皮はパリッとしていたが中は柔らかく、甘く美味しい。
「やっと笑ってくれた」
じゃあ、私の分も食べていいわ。
せっかく半分こにした芋を一口も食べずに満晃にくれた。
「いいんですか?」
「ええ。……さ、食べて食べて! 家にまだたくさん残ってるから、食べ切らないと」
「そんなに? お裾分けとかしたらどうです」
「……そうよね」
彼女は苦笑した。
貰ってくれる家があれば、嬉しいわ。
「満晃さんがたくさん食べてくれたらいいの。……兄が芋を焼いて、私はそれを届けるから」
「葵さんが焼くんだ」
枯れ葉、木の枝を集めて庭で一人火の番をする。そんな情景が思い浮かぶと、笑みを禁じ得ないではないか。

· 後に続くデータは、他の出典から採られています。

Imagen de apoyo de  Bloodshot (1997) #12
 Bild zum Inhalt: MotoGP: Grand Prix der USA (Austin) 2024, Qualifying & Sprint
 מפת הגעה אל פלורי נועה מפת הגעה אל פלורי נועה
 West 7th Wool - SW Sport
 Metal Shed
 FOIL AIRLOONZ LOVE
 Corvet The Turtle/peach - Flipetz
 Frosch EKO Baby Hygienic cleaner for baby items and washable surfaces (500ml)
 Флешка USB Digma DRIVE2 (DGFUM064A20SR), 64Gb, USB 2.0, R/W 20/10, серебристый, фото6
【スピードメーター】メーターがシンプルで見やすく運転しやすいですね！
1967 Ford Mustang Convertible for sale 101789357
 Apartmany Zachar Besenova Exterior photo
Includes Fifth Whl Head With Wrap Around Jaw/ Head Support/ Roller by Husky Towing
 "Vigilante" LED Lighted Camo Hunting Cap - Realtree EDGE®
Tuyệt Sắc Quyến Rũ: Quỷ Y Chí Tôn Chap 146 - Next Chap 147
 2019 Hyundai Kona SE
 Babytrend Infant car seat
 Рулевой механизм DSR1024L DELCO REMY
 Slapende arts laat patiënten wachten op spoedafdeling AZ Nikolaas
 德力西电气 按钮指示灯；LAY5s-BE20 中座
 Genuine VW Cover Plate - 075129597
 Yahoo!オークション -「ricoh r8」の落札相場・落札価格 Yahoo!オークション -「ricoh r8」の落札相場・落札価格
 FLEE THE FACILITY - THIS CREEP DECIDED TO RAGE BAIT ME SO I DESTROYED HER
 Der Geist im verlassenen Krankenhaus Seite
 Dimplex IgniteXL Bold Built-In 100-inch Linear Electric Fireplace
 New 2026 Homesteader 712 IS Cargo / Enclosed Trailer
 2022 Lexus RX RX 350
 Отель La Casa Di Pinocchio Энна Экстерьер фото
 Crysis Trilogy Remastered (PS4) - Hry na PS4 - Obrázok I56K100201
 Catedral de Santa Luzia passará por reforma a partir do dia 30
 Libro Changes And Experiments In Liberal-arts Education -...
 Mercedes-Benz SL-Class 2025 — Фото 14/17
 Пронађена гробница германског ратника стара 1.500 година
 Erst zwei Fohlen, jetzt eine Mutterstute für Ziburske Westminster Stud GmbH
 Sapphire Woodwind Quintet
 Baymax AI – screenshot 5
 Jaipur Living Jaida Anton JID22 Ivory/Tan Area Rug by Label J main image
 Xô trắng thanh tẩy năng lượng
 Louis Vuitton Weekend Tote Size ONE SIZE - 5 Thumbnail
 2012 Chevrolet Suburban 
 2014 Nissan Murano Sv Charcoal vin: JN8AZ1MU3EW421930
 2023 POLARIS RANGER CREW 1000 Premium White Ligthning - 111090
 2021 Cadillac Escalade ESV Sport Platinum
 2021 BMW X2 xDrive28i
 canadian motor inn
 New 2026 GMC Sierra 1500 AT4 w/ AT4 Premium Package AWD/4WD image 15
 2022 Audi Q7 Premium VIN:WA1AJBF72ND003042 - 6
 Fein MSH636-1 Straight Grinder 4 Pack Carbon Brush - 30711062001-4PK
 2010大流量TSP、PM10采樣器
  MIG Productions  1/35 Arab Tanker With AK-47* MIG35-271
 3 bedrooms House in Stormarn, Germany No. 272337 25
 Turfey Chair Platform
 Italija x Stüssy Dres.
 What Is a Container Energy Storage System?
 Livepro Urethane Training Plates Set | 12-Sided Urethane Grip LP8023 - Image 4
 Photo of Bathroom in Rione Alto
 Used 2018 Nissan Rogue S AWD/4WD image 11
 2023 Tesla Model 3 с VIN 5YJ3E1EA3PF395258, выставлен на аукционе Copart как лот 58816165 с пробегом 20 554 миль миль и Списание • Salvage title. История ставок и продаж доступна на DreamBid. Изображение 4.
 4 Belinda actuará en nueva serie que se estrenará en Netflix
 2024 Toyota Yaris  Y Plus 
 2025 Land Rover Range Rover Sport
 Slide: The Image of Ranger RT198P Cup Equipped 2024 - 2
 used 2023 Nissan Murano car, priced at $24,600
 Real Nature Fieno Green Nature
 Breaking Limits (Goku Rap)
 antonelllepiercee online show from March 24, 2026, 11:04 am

「ね。おかしいでしょう。……日がな一日それをやってるの」
楽しいのかしら。彼女も袖で口元を抑えそのシュールな絵面を浮かべて笑った。
やがて降り落ちる沈黙。
肌を刺激する冷風が満晃達の間を掻い潜り木の葉を打ち鳴らす。
「ゴミ、どうしよう」
「私が持って帰るわ」
「ありがとうございます」
あっという間に食べ終えてしまった。
手元に広がった新聞紙を手毬ほどの大きさにぎゅっと丸めて彼女に手渡すと左の手の甲と手首の隙間から包帯が見えたらしく、彼女は不安そうに満晃を見つめた。
「なあに、これ?」
「ちょっとした怪我だから、心配しないでください」
「心配しない方が難しいわ」
この怪我は、ただの怪我ではなかった。
手首から十センチ程の切り傷が二辻あって、朔夜に歯向かった際のお仕置きの跡だった。
今にしてみれば尋常でない精神状態にあった事は確かなのだが、だが朔夜も満晃も同じくらいおかしかったし誰にもそれは止められなかった。
「自分でやったの?」
「……はい」
「本当に?」
「はい」
彼女はすぐに見破っただろう。
しかし当時の彼女は思慮深く、敢えて深入りを避けた。もう一度問い質すような事はしない彼女のその優しさに満晃は甘えた。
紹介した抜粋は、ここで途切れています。